--- START ---
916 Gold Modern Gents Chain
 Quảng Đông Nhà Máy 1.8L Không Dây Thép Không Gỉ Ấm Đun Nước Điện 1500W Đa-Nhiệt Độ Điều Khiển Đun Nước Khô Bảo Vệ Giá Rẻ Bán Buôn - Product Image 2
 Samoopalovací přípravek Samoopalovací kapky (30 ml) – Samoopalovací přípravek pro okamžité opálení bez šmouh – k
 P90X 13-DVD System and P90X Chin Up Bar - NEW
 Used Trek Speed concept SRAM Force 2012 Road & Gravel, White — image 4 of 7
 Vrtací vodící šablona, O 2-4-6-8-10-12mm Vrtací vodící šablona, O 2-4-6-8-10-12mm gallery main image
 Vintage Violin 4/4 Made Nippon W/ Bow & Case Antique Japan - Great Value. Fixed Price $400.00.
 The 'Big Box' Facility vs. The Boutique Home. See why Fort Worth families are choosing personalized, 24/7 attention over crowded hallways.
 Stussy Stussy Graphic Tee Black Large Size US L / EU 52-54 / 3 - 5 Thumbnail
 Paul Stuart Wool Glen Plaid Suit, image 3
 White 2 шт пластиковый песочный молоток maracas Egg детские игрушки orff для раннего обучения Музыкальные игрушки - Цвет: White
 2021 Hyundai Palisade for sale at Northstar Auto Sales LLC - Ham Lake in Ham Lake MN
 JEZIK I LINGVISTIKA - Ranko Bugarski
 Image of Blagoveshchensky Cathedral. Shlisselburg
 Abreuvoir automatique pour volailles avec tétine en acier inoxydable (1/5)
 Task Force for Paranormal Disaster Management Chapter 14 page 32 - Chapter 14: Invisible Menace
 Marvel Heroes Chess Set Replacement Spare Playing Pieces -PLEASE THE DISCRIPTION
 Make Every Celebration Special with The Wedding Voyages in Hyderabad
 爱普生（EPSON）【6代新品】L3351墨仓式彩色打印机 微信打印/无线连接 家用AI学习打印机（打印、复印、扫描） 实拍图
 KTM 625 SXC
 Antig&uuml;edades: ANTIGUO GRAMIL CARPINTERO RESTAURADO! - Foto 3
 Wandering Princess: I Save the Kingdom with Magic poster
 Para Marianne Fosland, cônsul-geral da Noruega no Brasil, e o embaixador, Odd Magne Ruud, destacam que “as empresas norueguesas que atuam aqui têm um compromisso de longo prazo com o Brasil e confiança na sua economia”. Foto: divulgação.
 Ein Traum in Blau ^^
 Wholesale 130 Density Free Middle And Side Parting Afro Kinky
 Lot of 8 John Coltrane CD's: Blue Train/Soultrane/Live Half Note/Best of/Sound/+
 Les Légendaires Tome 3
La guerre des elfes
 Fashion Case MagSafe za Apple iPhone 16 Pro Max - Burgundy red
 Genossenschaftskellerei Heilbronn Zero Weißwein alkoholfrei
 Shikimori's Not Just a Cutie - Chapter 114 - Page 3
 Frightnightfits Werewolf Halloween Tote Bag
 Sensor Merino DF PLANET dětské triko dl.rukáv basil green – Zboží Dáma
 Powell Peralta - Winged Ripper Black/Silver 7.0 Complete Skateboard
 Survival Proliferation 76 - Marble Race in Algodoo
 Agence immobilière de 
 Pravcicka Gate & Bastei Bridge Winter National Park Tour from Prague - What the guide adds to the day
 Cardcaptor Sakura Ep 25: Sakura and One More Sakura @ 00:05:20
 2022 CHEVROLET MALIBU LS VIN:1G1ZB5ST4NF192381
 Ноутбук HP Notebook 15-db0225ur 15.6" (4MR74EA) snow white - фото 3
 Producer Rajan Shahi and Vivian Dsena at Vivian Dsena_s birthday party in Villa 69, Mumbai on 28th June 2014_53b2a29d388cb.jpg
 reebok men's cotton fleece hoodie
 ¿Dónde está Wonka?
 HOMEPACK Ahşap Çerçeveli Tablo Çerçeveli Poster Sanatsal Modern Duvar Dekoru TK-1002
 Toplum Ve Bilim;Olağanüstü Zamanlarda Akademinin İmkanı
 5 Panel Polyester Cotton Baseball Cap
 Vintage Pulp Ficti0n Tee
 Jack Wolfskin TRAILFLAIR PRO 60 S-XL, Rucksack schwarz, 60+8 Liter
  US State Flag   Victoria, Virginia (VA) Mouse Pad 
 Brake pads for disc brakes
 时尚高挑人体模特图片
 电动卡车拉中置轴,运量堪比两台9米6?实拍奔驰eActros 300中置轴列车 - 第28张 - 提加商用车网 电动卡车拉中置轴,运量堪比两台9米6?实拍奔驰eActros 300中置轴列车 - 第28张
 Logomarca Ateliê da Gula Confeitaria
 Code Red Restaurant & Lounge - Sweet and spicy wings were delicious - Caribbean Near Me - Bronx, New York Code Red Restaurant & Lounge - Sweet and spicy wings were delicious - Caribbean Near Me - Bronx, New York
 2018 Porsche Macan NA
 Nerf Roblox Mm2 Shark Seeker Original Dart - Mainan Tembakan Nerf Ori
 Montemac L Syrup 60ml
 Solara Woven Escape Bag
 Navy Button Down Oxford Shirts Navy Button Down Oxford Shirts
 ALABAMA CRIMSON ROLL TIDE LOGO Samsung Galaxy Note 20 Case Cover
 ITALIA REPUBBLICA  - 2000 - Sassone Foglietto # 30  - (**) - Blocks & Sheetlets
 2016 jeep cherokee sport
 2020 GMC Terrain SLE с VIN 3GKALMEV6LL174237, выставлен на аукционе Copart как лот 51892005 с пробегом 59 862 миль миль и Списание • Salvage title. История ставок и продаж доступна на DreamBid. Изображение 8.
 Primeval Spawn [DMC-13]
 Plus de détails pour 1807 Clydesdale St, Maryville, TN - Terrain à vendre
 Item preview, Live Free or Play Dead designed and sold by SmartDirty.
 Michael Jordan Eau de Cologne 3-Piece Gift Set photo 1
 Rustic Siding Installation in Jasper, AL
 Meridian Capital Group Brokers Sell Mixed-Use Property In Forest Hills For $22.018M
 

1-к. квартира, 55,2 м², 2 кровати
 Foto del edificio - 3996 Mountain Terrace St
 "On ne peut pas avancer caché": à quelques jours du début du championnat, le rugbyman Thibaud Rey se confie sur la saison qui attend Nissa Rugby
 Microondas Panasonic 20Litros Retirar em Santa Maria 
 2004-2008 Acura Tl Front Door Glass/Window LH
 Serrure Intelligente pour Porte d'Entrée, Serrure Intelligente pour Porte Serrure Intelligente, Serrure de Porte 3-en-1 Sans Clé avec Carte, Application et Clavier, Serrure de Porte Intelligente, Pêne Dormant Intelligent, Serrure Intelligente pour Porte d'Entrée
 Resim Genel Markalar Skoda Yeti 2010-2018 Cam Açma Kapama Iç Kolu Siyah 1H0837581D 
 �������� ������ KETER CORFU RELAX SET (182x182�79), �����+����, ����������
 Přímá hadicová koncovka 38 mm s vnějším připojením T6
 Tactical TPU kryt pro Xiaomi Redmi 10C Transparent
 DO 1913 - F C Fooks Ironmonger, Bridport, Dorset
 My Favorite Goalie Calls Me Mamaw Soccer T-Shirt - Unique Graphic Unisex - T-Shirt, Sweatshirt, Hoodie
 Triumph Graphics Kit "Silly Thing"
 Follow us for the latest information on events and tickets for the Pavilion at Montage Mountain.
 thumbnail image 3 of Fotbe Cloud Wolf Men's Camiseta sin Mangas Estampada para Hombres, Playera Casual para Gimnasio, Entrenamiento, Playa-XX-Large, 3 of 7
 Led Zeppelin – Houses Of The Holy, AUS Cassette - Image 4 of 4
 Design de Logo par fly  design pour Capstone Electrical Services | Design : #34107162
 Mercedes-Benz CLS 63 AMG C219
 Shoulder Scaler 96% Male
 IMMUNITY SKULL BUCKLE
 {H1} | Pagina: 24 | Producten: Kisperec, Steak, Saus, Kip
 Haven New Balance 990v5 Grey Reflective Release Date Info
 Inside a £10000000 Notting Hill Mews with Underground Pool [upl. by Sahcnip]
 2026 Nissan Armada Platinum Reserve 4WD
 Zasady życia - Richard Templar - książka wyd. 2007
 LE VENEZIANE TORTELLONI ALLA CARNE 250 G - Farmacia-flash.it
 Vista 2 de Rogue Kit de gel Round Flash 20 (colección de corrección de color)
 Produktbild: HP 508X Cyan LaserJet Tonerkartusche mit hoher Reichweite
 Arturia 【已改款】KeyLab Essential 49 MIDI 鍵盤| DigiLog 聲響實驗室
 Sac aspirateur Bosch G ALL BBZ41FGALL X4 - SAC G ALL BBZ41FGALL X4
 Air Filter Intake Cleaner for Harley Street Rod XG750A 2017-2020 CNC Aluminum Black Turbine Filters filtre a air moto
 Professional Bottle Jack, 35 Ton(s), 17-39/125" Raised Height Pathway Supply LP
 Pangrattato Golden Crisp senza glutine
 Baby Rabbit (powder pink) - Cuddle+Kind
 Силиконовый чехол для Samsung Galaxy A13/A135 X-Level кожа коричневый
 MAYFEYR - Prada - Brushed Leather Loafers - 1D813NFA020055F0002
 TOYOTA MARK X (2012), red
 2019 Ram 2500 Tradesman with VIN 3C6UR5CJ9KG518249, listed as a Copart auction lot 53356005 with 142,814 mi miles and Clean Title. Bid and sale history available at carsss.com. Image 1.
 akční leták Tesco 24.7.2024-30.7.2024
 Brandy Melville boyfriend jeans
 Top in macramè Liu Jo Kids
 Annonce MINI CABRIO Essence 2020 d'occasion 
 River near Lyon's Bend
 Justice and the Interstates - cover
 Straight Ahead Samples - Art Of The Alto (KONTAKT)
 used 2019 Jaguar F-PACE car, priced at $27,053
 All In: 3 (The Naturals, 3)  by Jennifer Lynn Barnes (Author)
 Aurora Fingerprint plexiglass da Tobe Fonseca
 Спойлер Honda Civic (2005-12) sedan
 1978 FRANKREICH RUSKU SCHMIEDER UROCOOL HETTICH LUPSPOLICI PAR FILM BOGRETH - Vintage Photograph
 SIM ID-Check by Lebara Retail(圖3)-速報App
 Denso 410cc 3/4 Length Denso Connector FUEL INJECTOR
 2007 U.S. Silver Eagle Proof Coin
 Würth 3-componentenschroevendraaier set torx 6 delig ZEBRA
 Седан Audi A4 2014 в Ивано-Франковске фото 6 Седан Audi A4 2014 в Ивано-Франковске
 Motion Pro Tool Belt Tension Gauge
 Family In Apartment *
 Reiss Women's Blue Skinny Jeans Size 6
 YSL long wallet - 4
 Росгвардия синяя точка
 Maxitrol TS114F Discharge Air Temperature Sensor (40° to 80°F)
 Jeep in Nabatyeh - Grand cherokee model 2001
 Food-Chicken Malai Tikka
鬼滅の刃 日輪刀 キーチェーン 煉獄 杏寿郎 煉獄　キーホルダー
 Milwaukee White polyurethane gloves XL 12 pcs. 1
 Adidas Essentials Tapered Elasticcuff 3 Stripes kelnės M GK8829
--- END ---
**PROBLEM DETAILS:** Reproduce exactly the lines that run from the start of the records to the line with "Fashion Case MagSafe", both included.

**ANSWER BELOW:**
916 Gold Modern Gents Chain
 Quảng Đông Nhà Máy 1.8L Không Dây Thép Không Gỉ Ấm Đun Nước Điện 1500W Đa-Nhiệt Độ Điều Khiển Đun Nước Khô Bảo Vệ Giá Rẻ Bán Buôn - Product Image 2
 Samoopalovací přípravek Samoopalovací kapky (30 ml) – Samoopalovací přípravek pro okamžité opálení bez šmouh – k
 P90X 13-DVD System and P90X Chin Up Bar - NEW
 Used Trek Speed concept SRAM Force 2012 Road & Gravel, White — image 4 of 7
 Vrtací vodící šablona, O 2-4-6-8-10-12mm Vrtací vodící šablona, O 2-4-6-8-10-12mm gallery main image
 Vintage Violin 4/4 Made Nippon W/ Bow & Case Antique Japan - Great Value. Fixed Price $400.00.
 The 'Big Box' Facility vs. The Boutique Home. See why Fort Worth families are choosing personalized, 24/7 attention over crowded hallways.
 Stussy Stussy Graphic Tee Black Large Size US L / EU 52-54 / 3 - 5 Thumbnail
 Paul Stuart Wool Glen Plaid Suit, image 3
 White 2 шт пластиковый песочный молоток maracas Egg детские игрушки orff для раннего обучения Музыкальные игрушки - Цвет: White
 2021 Hyundai Palisade for sale at Northstar Auto Sales LLC - Ham Lake in Ham Lake MN
 JEZIK I LINGVISTIKA - Ranko Bugarski
 Image of Blagoveshchensky Cathedral. Shlisselburg
 Abreuvoir automatique pour volailles avec tétine en acier inoxydable (1/5)
 Task Force for Paranormal Disaster Management Chapter 14 page 32 - Chapter 14: Invisible Menace
 Marvel Heroes Chess Set Replacement Spare Playing Pieces -PLEASE THE DISCRIPTION
 Make Every Celebration Special with The Wedding Voyages in Hyderabad
 爱普生（EPSON）【6代新品】L3351墨仓式彩色打印机 微信打印/无线连接 家用AI学习打印机（打印、复印、扫描） 实拍图
 KTM 625 SXC
 Antig&uuml;edades: ANTIGUO GRAMIL CARPINTERO RESTAURADO! - Foto 3
 Wandering Princess: I Save the Kingdom with Magic poster
 Para Marianne Fosland, cônsul-geral da Noruega no Brasil, e o embaixador, Odd Magne Ruud, destacam que “as empresas norueguesas que atuam aqui têm um compromisso de longo prazo com o Brasil e confiança na sua economia”. Foto: divulgação.
 Ein Traum in Blau ^^
 Wholesale 130 Density Free Middle And Side Parting Afro Kinky
 Lot of 8 John Coltrane CD's: Blue Train/Soultrane/Live Half Note/Best of/Sound/+
 Les Légendaires Tome 3
La guerre des elfes
 Fashion Case MagSafe za Apple iPhone 16 Pro Max - Burgundy red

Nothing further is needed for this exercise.